Les irréductibles partisans du vieux peshmerga ont beau attaquer aussitôt le bâtiment où se trouvaient encore les députés, à Erbil, à coups de pierres, de bâtons et de couteaux, le siège du parti adverse, Gortran, à Dohouk ou les différents médias présents, le fait est là qui montre dans toute sa tragédie l’erreur commise en organisant un référendum d’indépendance envers et contre Baghdad qui avait plusieurs fois mis en garde contre toute velléité de séparatisme, qui plus est affectait des zones non-kurdes, comme Kirkouk, occupées par les peshmergas en 2003 avec l’invasion de l’Irak par l’armée américaine puis en 2014 lors de l’avancée fulgurante de Daesh.

Massoud Barzani a cru braver sans trop de risques la colère du gouvernement irakien et plus encore celle du gouvernement turc parce que des assurances lui ont été données par son mentor américain, de longue date, quant à l’émergence parfaitement imaginable d’une entité kurde saluée à cor et à cri par Israël qui y aurait trouvé un pendant inespéré à sa politique expansionniste dans la région. C’était mal connaître les calculs de Washington, focalisé sur la lutte contre la «menace terroriste» représentée par l’«Etat islamique» et c’était surtout oublier un peu vite les enseignements d’une histoire, somme toute récente, comme au Sud Vietnam où les- troupes de l’Oncle Sam ont plié arme et bagage en laissant les alliés de Saïgon se débrouiller avec ce qu’ils appelaient alors les Vietcongs.
Qu’il accuse aujourd’hui de «haute trahison», l’Union patriotique du Kurdistan rivale (UPK), dont le chef historique Jallal Talabani, décédé le 3 octobre dernier, fut même proposé à la vindicte de Saddam Hussein en 1996, ce n’est pas seulement une dérive, tout au plus l’indice d’une amertume sans limite. L’UPK n’a jamais fait mystère de son attachement à un Irak uni et solidaire et ses forces militaires ont effectivement accueilli pacifiquement l’offensive de l’armée dépêchée par Baghdad pour remettre de l’ordre dans la riche province pétrolière de Kirkouk, un temps profitable à Erbil et à la Turquie par où transitait l’or noir que Barzani marchandait directement dans la région.

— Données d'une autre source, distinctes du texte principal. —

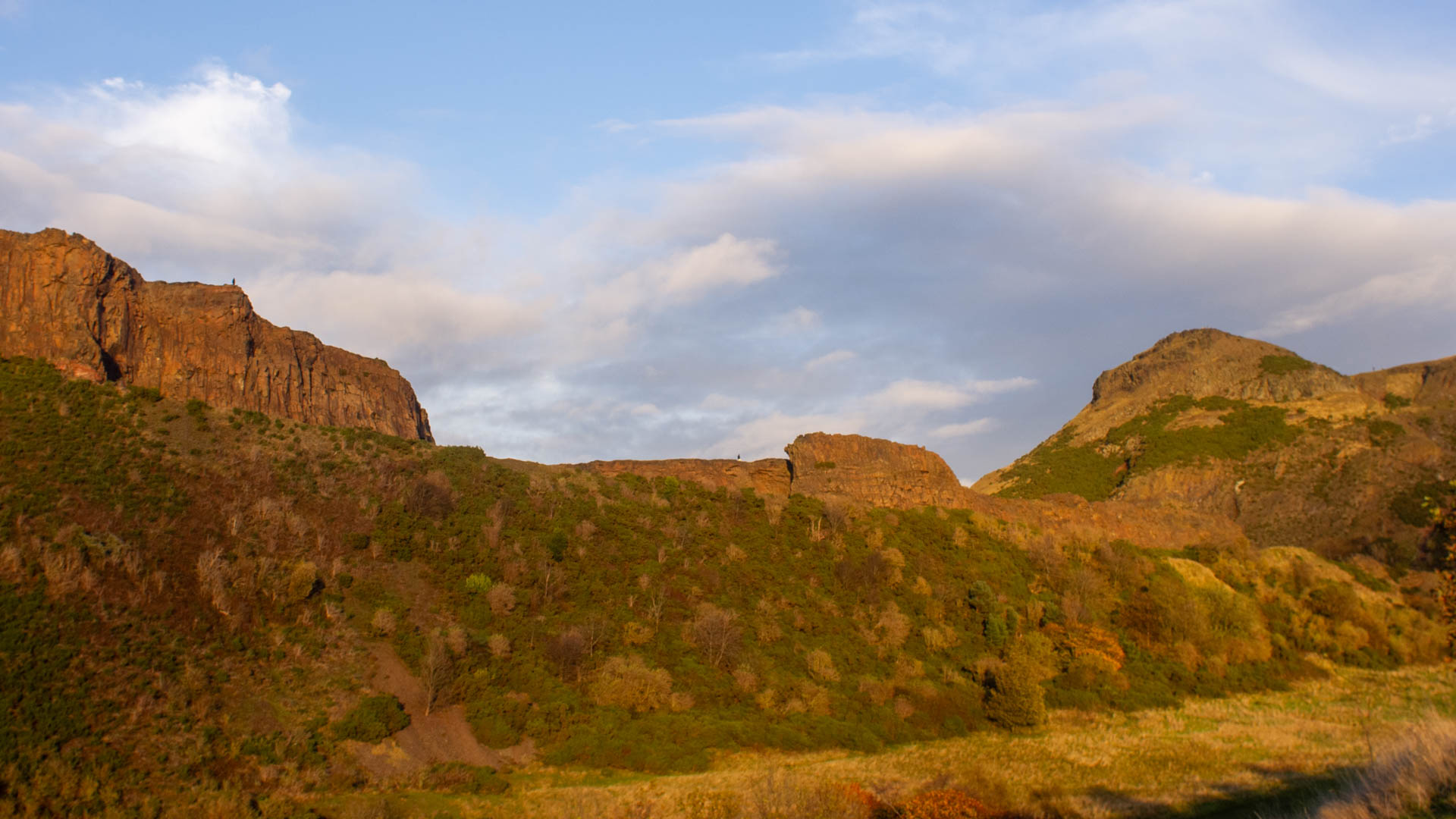 photo of Arthur's Seat in Edinburgh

S’attaquer à l’UPK c’est comme s’attaquer à Ankara, sous prétexte que la Turquie n’aurait pas tenu ses «engagements»! Et c’est aussi faire table rase des «appels au calme» lancés par les Etats-Unis qui ne pouvaient raisonnablement hypothéquer leurs liens avec leur allié turc dans l’Otan juste pour satisfaire les caprices dantesques de Barzani et de son clan. D’ailleurs, Washington a mis en garde explicitement contre le référendum d’indépendance, conseillant son report d’ici 2019, c’est-à-dire une fois que le sort de Daesh au Proche-Orient aura été définitivement résolu.

Ce faisant, le vieux loup des montagnes kurdes aura joué au poker et tout perdu en abattant des cartes biaisées dont le résultat sonne clairement la fin des illusions pour tous les Kurdes de la région, y compris les FDS-YPG syriens inféodés au PKK. Les peshmergas qui avaient défrayé la chronique dans presque tous les médias occidentaux et notamment leurs 500 femmes combattantes données comme une icône de la libération de la femme dans un Moyen-Orient moyenâgeux, n’auront plus désormais que les yeux pour pleurer puisque l’ultime poste frontalier et stratégique de Fichkhabour, qui se trouve pourtant dans la province autonome kurde de Dohouk, est maintenant aux mains de l’armée irakienne dont le verrou est total sur l’ensemble du pays. Le fils de Moustapha n’en reste pas moins le chef du mouvement kurde même s’il s’en va sans gloire et avec bien des reproches. Erbil est prêt à toutes les concessions, pourvu que Baghdad tire la chasse sur les récents évènements. Le refus de prendre en considération les mises en garde de la communauté internationale lors du référendum aura été fatal au crédit dont bénéficiaient les peshmergas. Barzani a cru dur comme fer qu’il avait le soutien indéfectible des Etats-Unis et des autres puissances occidentales. Il se sera trompé lourdement. A 71 ans révolus, il laisse une région kurde plongée dans l’incertitude et profondément divisée, ce qui augure de lendemains encore plus sombres.